All of them exchanged looks, but Ororo was the first to answer. “No,” she said flatly. She stepped towards Rogue, holding out her hands, offering all her strength and courage, sick with fury at the realization that it wouldn’t be enough. “They can’t ‘cure’ us. D’you want to know why, Marie? Because there’s nothing to cure. You might as well cure Mozart of writing music, or daVinci of the ability to make machines, or Edison, or Archimedes, or Shakespeare.”

She tried to take Rogue’s hands, but the young girl pulled them away, flinching.

“Marie,” Ororo said, in a tone that would not be denied. “
Nothing
is wrong with you. Or
any
of us, for that matter. You understand?”

She nodded, but Ororo knew that her words had fallen on rock. Rogue heard, but would not listen.

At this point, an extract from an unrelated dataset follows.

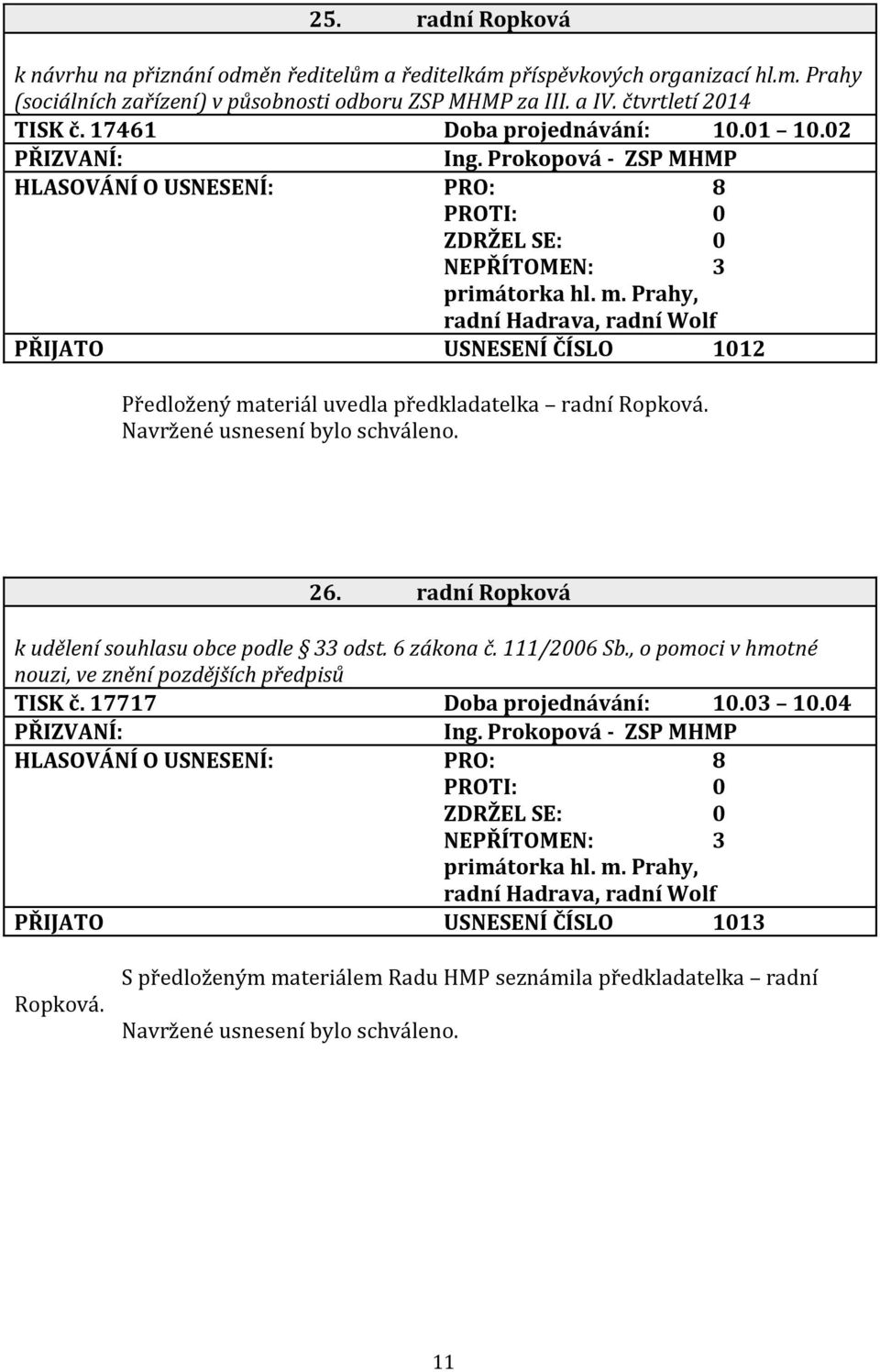 Prahy, radní Hadrava, radní Wolf PŘIJATO USNESENÍ ČÍSLO 1012 Předložený materiál uvedla předkladatelka radní Ropková. 26. radní Ropková k udělení souhlasu obce podle 33 odst. 6 zákona č. 111/2006 Sb.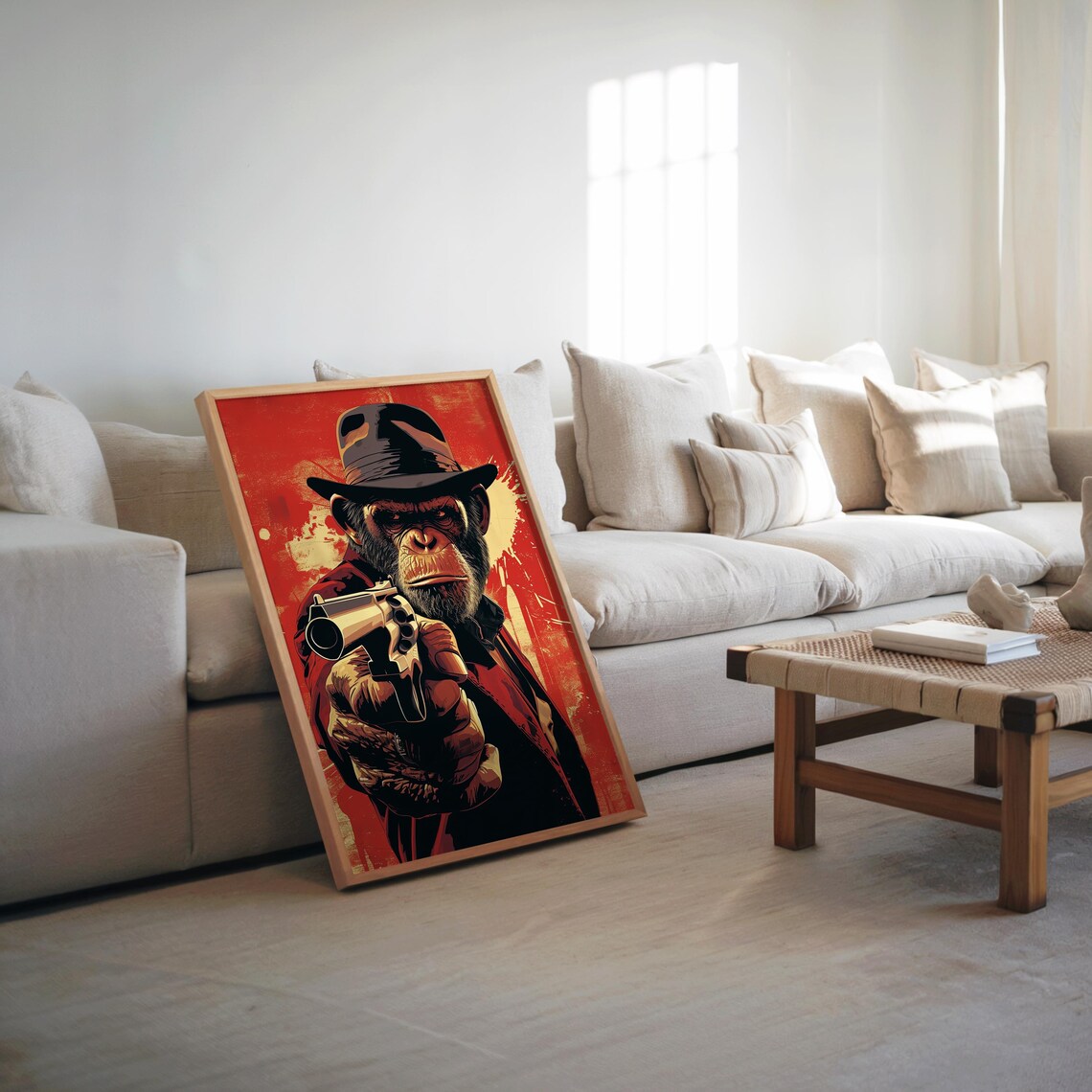 Modernist Monkey Poster Memphis Design Vector Art High Contrast Cool Tones Cinematic Gritty Wall Decor Unique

Ororo turned to Xavier, and this time the thunder outside wasn’t shy. It came in a burst that shook the house like the end of the world, and the sunny day gave way to rain that fell in torrents.

She held his gaze and said, softly, “Guess you were right about the weather.”

 

 

 

The meeting started badly and then it went to hell.

Jack Stover held the mike and tried to keep at least a semblance of order. He looked like your classic Harley-riding outlaw biker: long-haired, bushy-bearded; massive in the body with a belly that was, surprisingly, mostly muscle spilling over his Levi’s; a black singlet that showed off a torso and arms crowded with magnificent body art. Those who’d seen him at the beach knew every inch of him was covered, except for his face and hands and feet, making him Valle Soleada’s very own “Illustrated Man.” What was even more delightful was that the images always changed, because they were constantly being refreshed and played with by his wife, also a mutant, whose talent was painting on flesh.

Folks had gathered at the old Sea Breeze, on the boardwalk, and emotions were running hot.

“…listen to me,” Jack bellowed into his mike, making folks wince as he generated a wicked pulse of feedback. “
Listen
to me.” He’d have better luck yelling at a typhoon, but he somehow persevered regardless. “This is about getting organized, bringing our complaints to the right people! The DMA won’t take us seriously if—”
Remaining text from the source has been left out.